Psalm 48: Particularity

“Tarshish,” mentioned in verse 7 of this psalm, represents what might as well be on the other side of the universe. For the Israelites, those non-seafaring people who turned their gaze toward Zion, ships built to go as far as nearly mythical Tarshish were impossible, even unimaginable. Asserting that such things are nonetheless subject to the sovereign ability of Israel’s God to “shatter” things was a statement of the greatest faith.
     We in the U.S., early twenty-first century, are so different from those people that Psalm 48 itself represents a sort of Tarshish, something that is on the other side of the universe from us. That strange and distant something is a belief in a holy place, a particular holy place. In this psalm Zion is that place. Having been faced with multiple claims for diverse holy places and conflicting sacred creeds, modern humanity chose, a couple centuries or so ago, “none of the above.” To some extent this withdrawal from belief in particular sanctified places and objects began with the Protestant Reformation. At any rate, while we might say that we prefer or even love a certain place, be it home or Disney World, we’re not likely to call it God’s city or God’s mountain in any exclusive sense, which is precisely what this psalm and other psalms do.
     Good for us, but how we think nowadays not only blocks us from belief in the holy specialness of this or that place, but also from believing in the one gospel of the one savior. We can’t tell the gospel story without assuming that it describes the atmosphere in which all humanity lives and moves, and such belief in the universal specialness of a particular man (Jesus) is just plain odd, just plain unbelievable in our time.
     But that, on the other hand, means that the gospel can be all the more amazing “good news” for people in our time. Explaining that fully would take more time and space than I want to give it here, so I will give you one very compressed thought-starter: The gospel of God’s love can be amazing good news because it connects with something that many of us know about ourselves but have no place for in our thinking, namely that love is basic to what we are, even more basic than opposable thumbs, language, or walking on our hind feet. Realization of the place of love in the universe, and therefore in our creation, continued existence, and redemption is like unexpectedly meeting a close friend in an empty desert or a strange city. We are amazed.
     So how do we pray or sing Psalm 48? I know of a formerly popular song or praise chorus that quotes it, particularly verse 2: “Beautiful for situation, the joy of the whole earth, is Mount Zion, on the sides of the north, the city of the great King” (KJV). The rhythm of those words demands that they be sung, but I don’t know what they all mean, or identify with that hill in a big, busy, and strange city on the other side of the world, or think of that city as particularly God’s hometown.

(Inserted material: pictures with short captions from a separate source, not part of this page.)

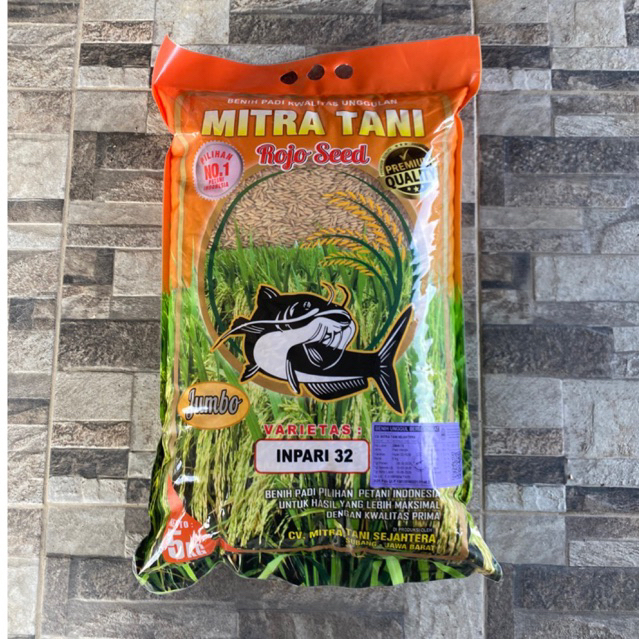 Benih padi Inpari 32 ROJO SUBANG ( LEBIH KOKOH )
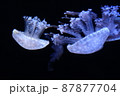 幻想的なくらげ 87877704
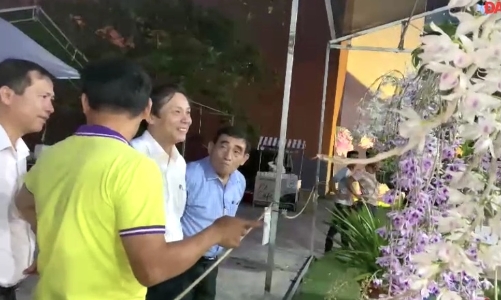 Hơn 400 tác phẩm tham gia Lễ hội hoa lan Đà Nẵng năm 2023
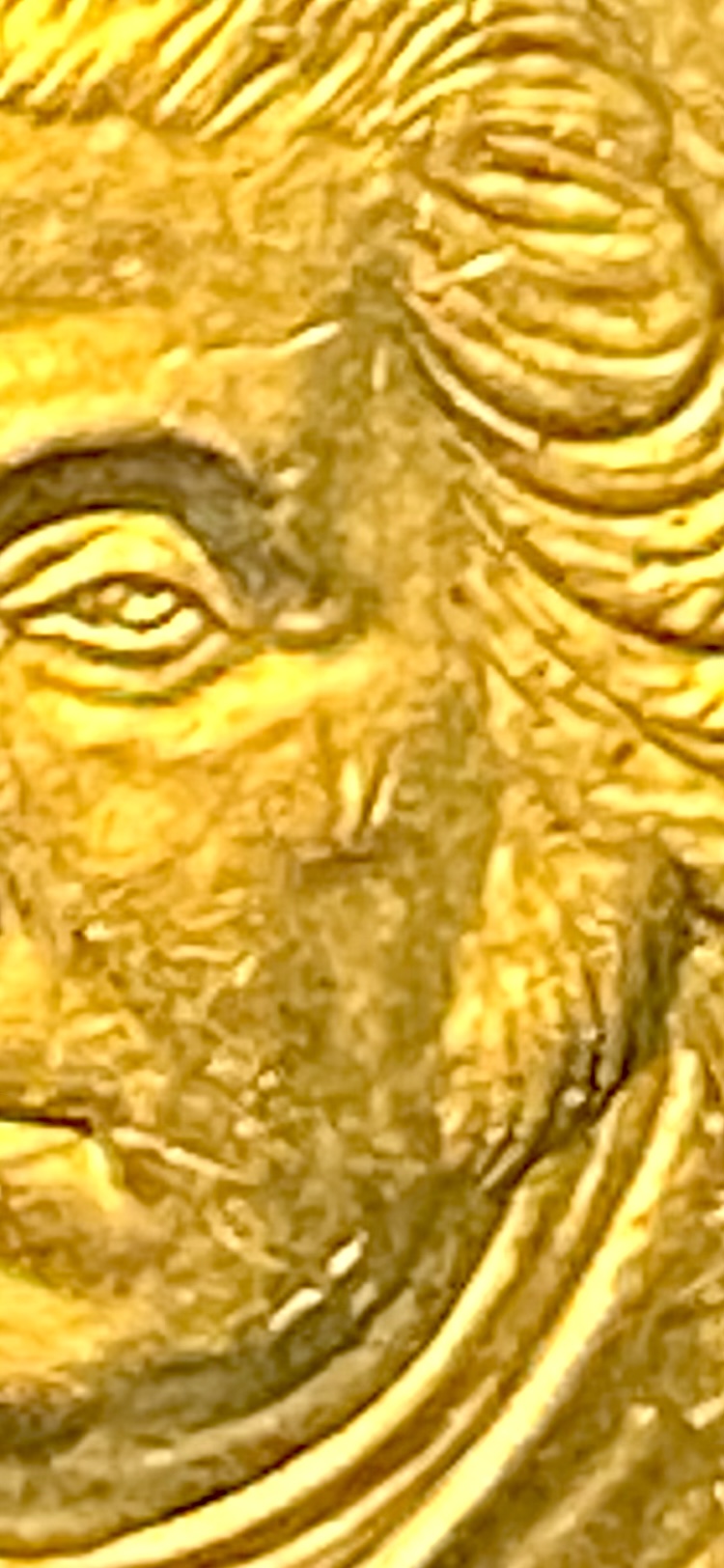 54367675-CAC1-4145-A79B-B053B03AB99B.jpeg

     What, then, is the special guarded place, our Zion, the place God allows us to identify with his presence? It is Jesus, particularly Jesus on the cross. We get out of step with our age by saying there has been a decisive point in time that all history, including all human biographies, is centered on. If we can call that Zion, then we have a way to sing this psalm.

  • “Tarshish” may have started as the name of a real place. One of the more likely candidates is a Phoenician colony in southern Spain. The Phoenicians were great sailors and colonizers, unlike their neighbors to the south, the Israelites, for whom “Tarshish” could become a proverbial term for “way out there, where we don’t go.”
  • “Realization of the place of love in the universe is like unexpectedly meeting a close friend in an empty desert or a strange city.” For more on that see my post “Love 1: The Original.”
  • These posts on the Psalms are in aid of the reading of the Psalms—one a day through the first five months of 2022—by members, attenders, friends, et al. of Together Church, Wyoming, MI.